-------- Record extracts

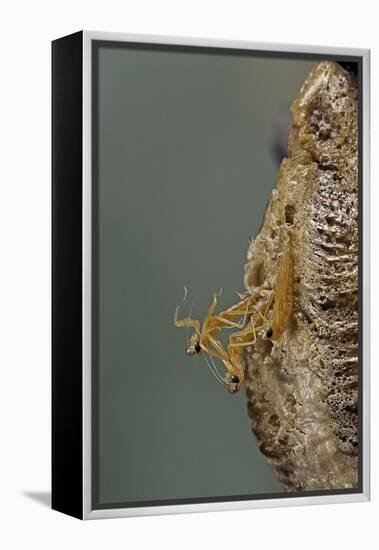 Mantis Religiosa (Praying Mantis) - Hatching-Paul Starosta-Framed Premier Image Canvas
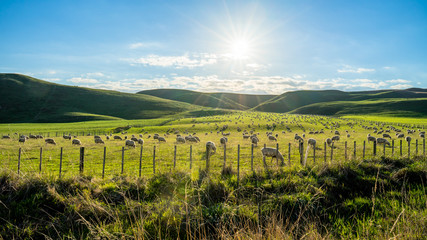 Fototapeta premium Flock of sheep grazing on a green hill in rural country sheep farm in the afternoon. A flock of sheep is generally found in a mountain valley New Zealand.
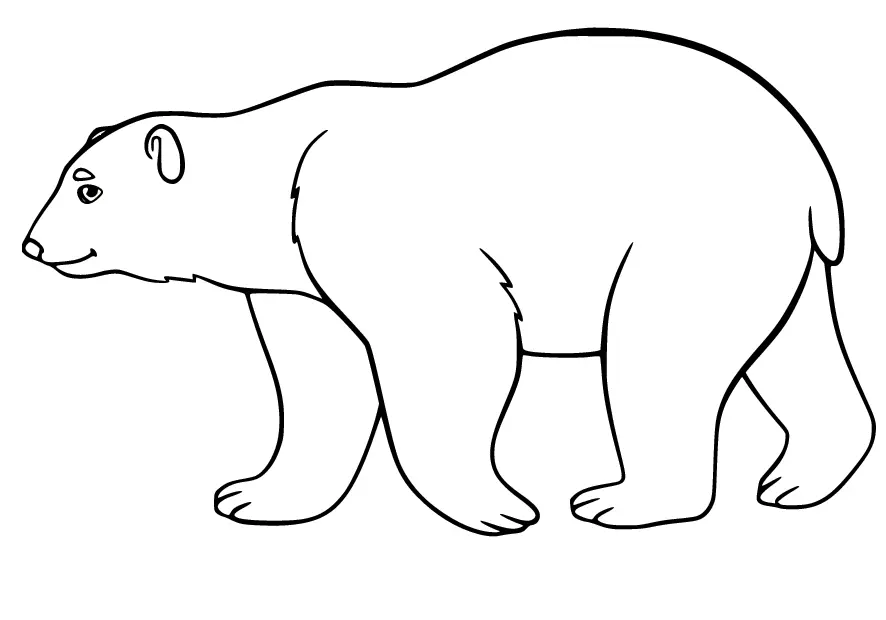 Eisbär Ausmalbilder 9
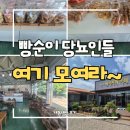 웰빙베이커리 - 제주시 | 포항 빵집｜당뇨환자도 안심하는 10년 단골 예고 코스, 윤재호 베이커리 단팥빵 솔직후기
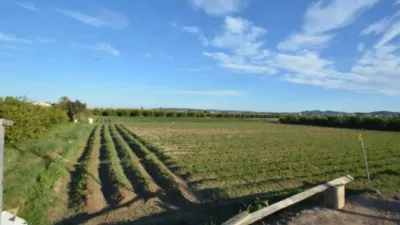 Terreno en venta en Orihuela - Más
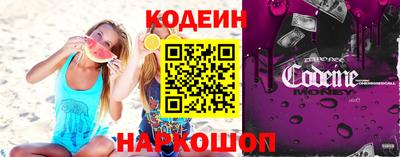 apvp Кингисепп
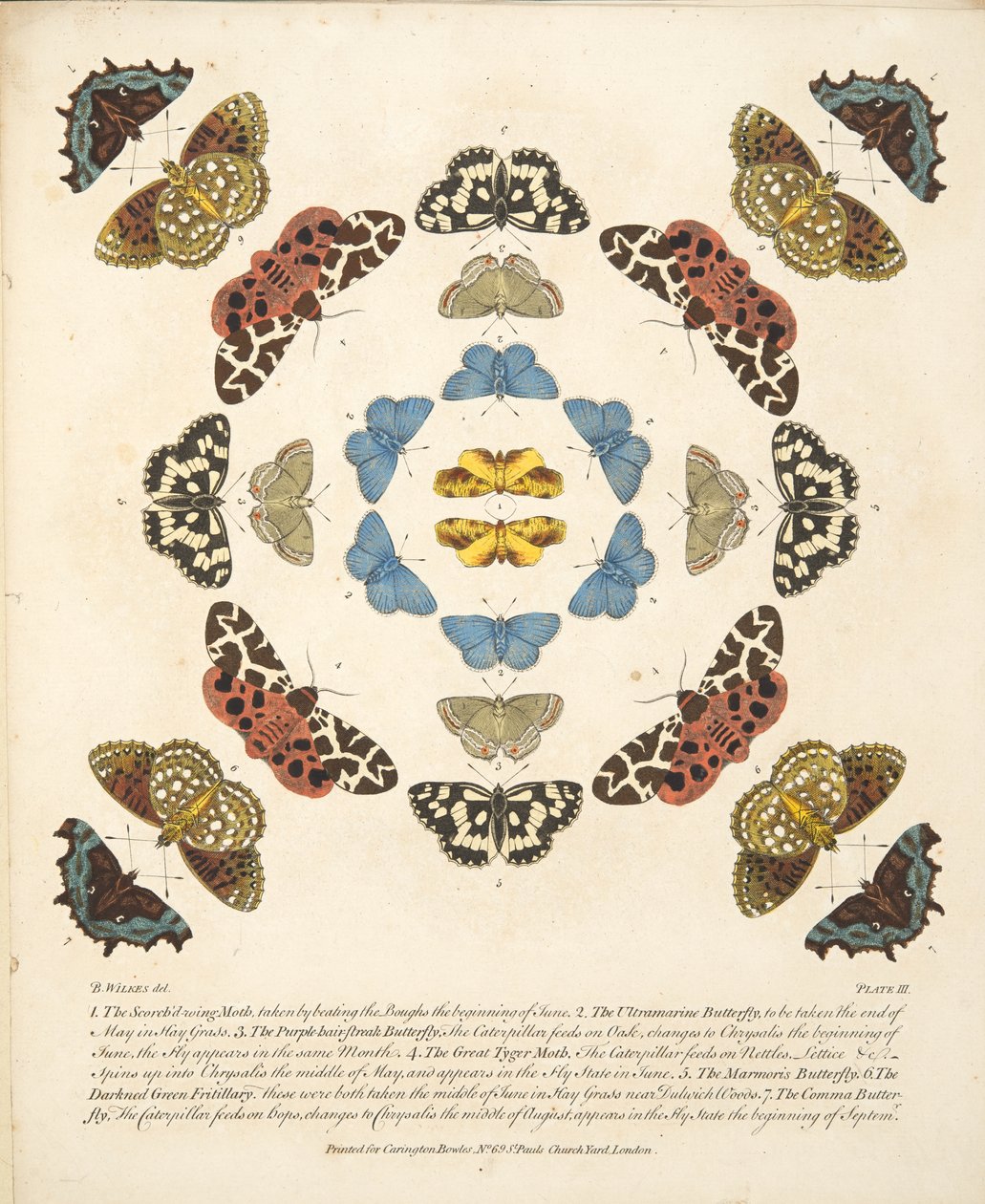 Planche III, de A Rare Depiction of Butterflies and Moths, pub. 1764 - Benjamin Wilkes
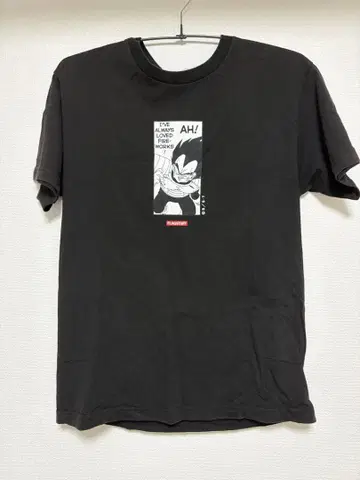 FLAGSTUFF 드래곤볼 티셔츠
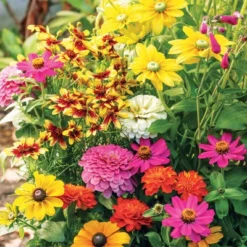 Collections Etc Roll Out Flower Seeded Mats That Attract Butterflies - Set Of 2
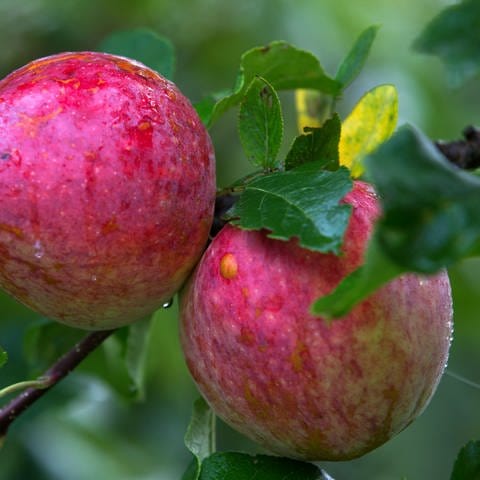 Äpfel der Sorte Remo: Wenn das Kerngehäuse eines Apfels schimmlig ist genügt es, das Gehäuse großzügig herauszuschneiden. Man kann den Rest des Apfels dann trotzdem noch essen.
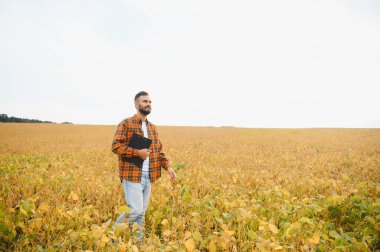 Soya tarlasında tarımcı çiftçi hasattan önce ekinleri kontrol ediyor. Organik gıda üretimi ve yetiştirilmesi.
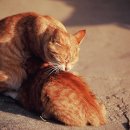 애정그루밍 이미지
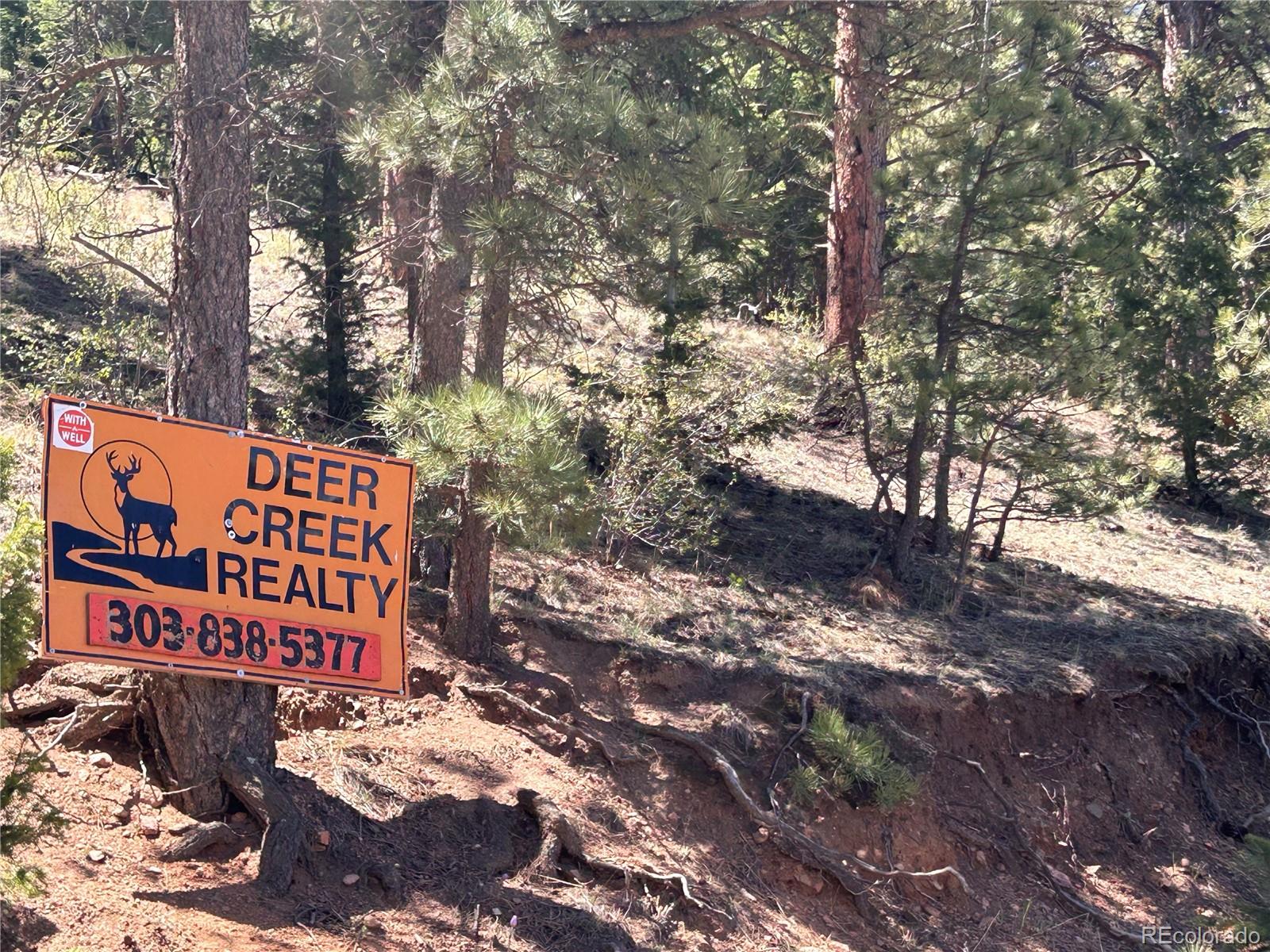 364 County Road 64 Shawnee, CO 80475 - Photo 15 of 16 a view of street with sign board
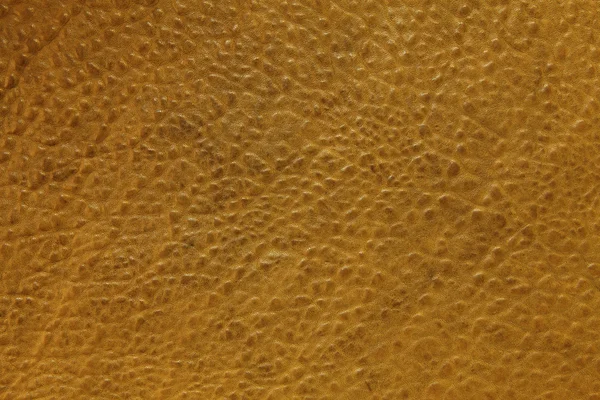 Sheepskin leather background — Stock Photo, Image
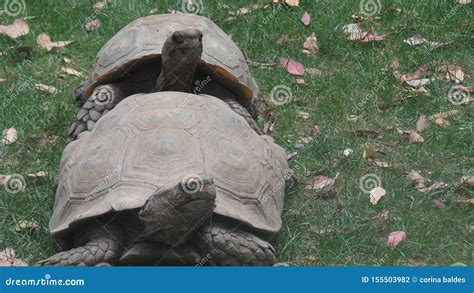 Two Tortoise Mating stock photo. Image of tortoise, mating - 155503982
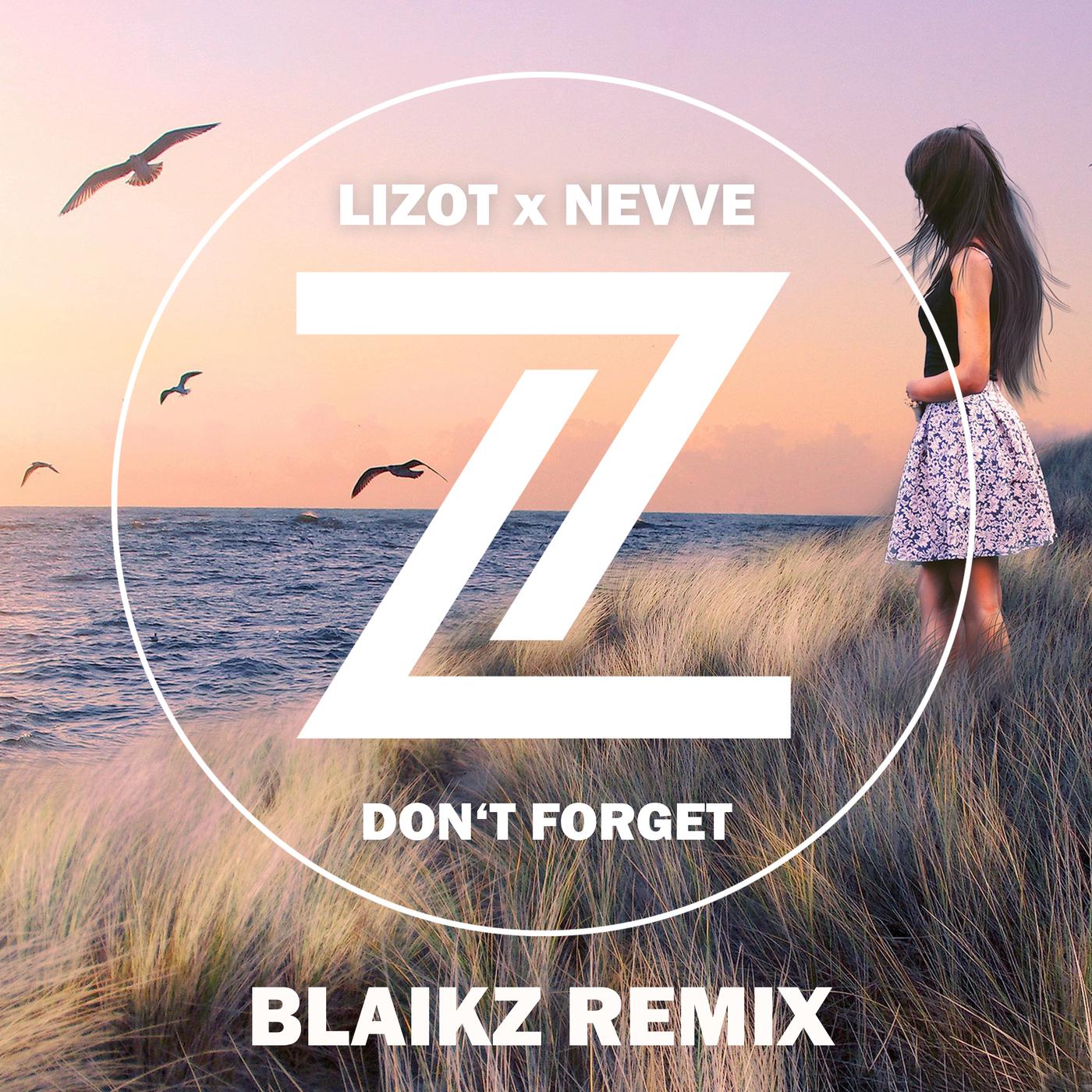 Don't Forget (Blaikz Remix)歌词 歌手LIZOT / Nevve / Blaikz-专辑Don't Forget (Blaikz Remix)-单曲《Don't Forget (Blaikz Remix)》LRC歌词下载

----------------

Within the entries above, the lines from the one containing "Soya tarlasında tarımcı" through the one containing "Sheepskin leather background" are to be transcribed exactly, ends included, pictures excluded.

▶ Your solution:
 Soya tarlasında tarımcı çiftçi hasattan önce ekinleri kontrol ediyor. Organik gıda üretimi ve yetiştirilmesi.
 애정그루밍 이미지
 364 County Road 64 Shawnee, CO 80475 - Photo 15 of 16 a view of street with sign board
 Sheepskin leather background — Stock Photo, Image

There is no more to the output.